Required work | Would you please transcribe the listing exactly, with no images?

——————

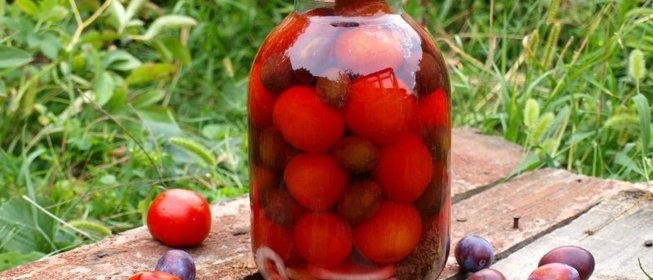 Маринованные помидоры со сливами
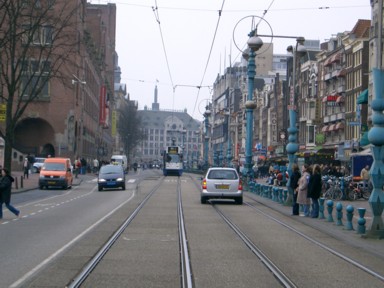 古さが魅力のアムステルダムの窓辺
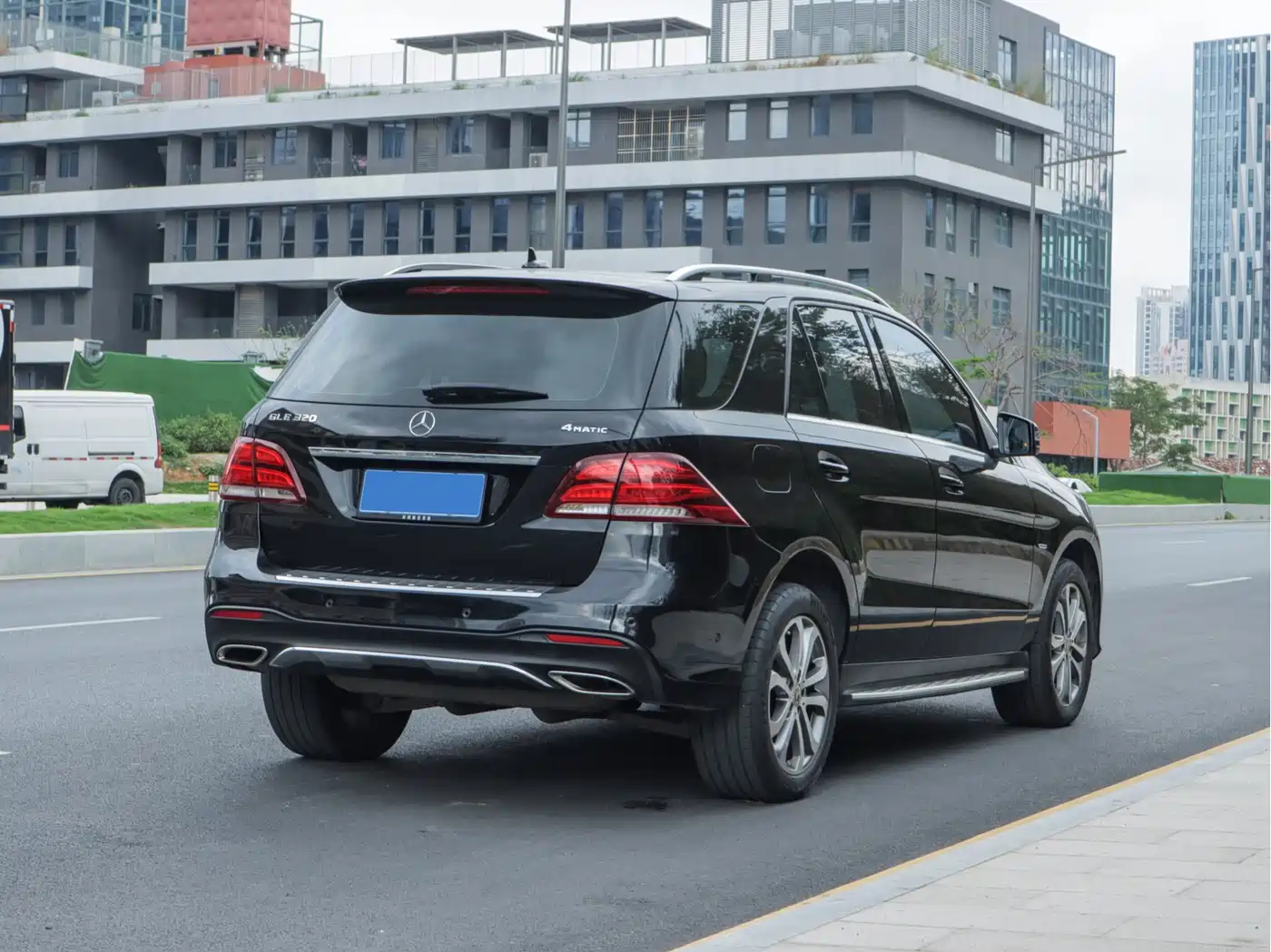 Mercedes-Benz GLE 2019 GLE 320 4MATIC Dynamic Ultimate Edition фото 19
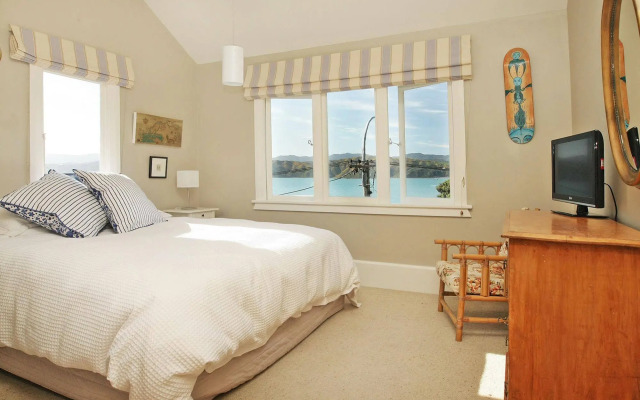 Beachfront Wellington Bed and Breakfast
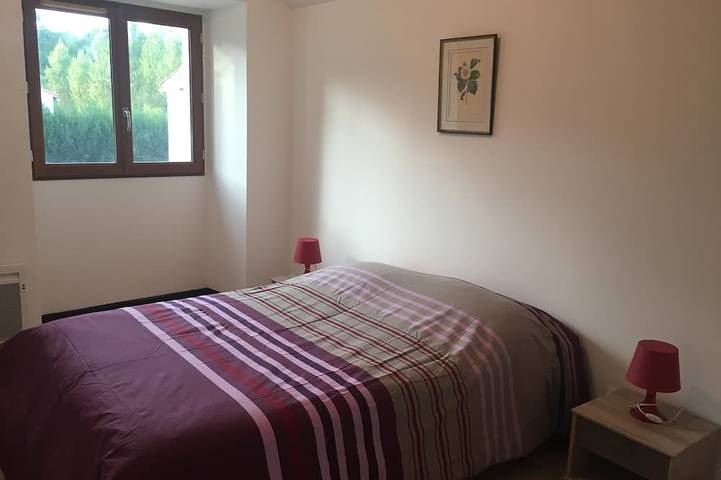 Location de vacances pour 4 personnes, avec terrasse et jardin à Soullans - 2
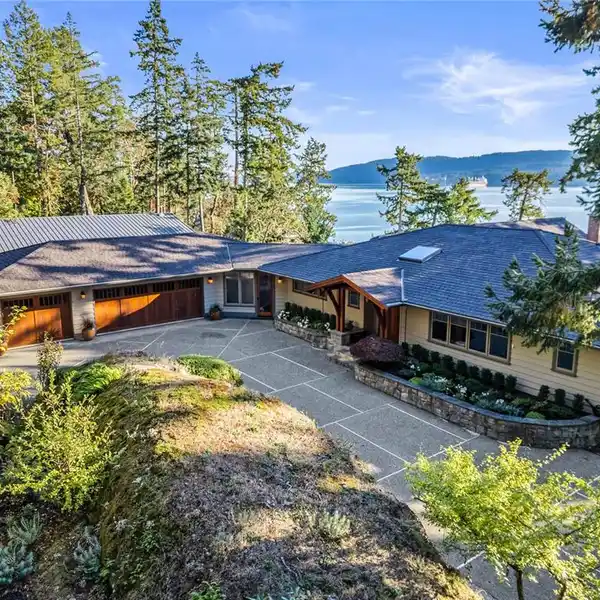 THE PINNACLE OF ISLAND WATERFRONT LIVING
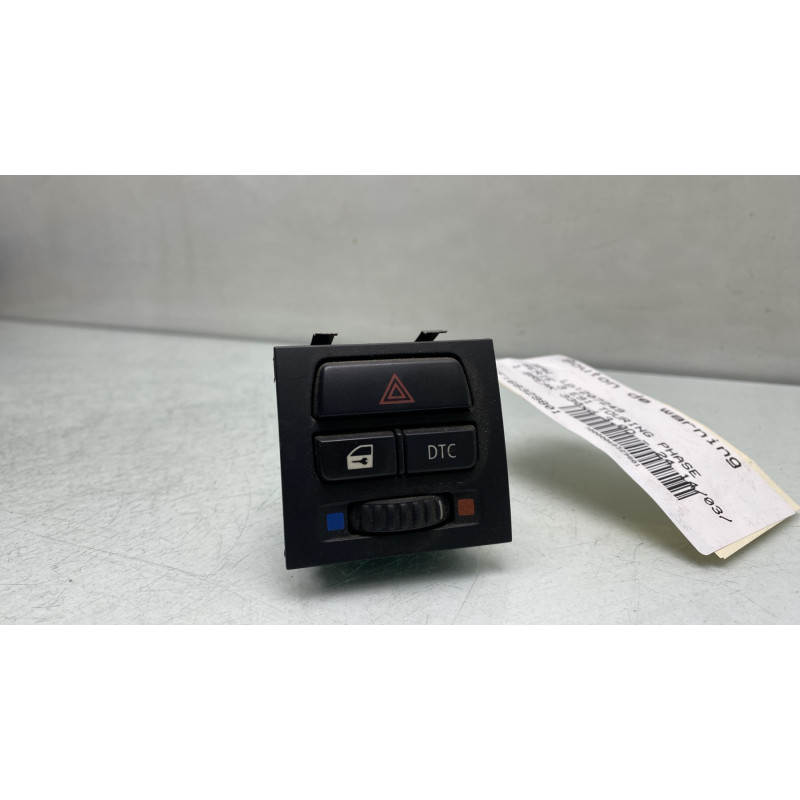 Bouton de warning BMW SERIE 3 E91 Photo n°1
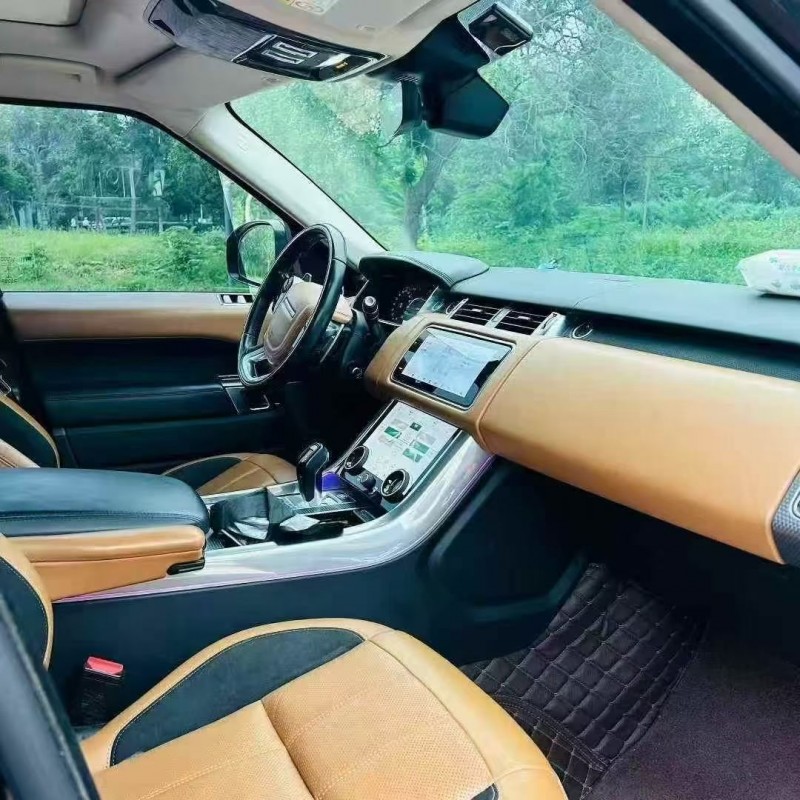 18年青岛路虎揽胜运动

——————

Task output |
 Маринованные помидоры со сливами
 古さが魅力のアムステルダムの窓辺
 Mercedes-Benz GLE 2019 GLE 320 4MATIC Dynamic Ultimate Edition фото 19
 Beachfront Wellington Bed and Breakfast
 Location de vacances pour 4 personnes, avec terrasse et jardin à Soullans - 2
 THE PINNACLE OF ISLAND WATERFRONT LIVING
 Bouton de warning BMW SERIE 3 E91 Photo n°1
 18年青岛路虎揽胜运动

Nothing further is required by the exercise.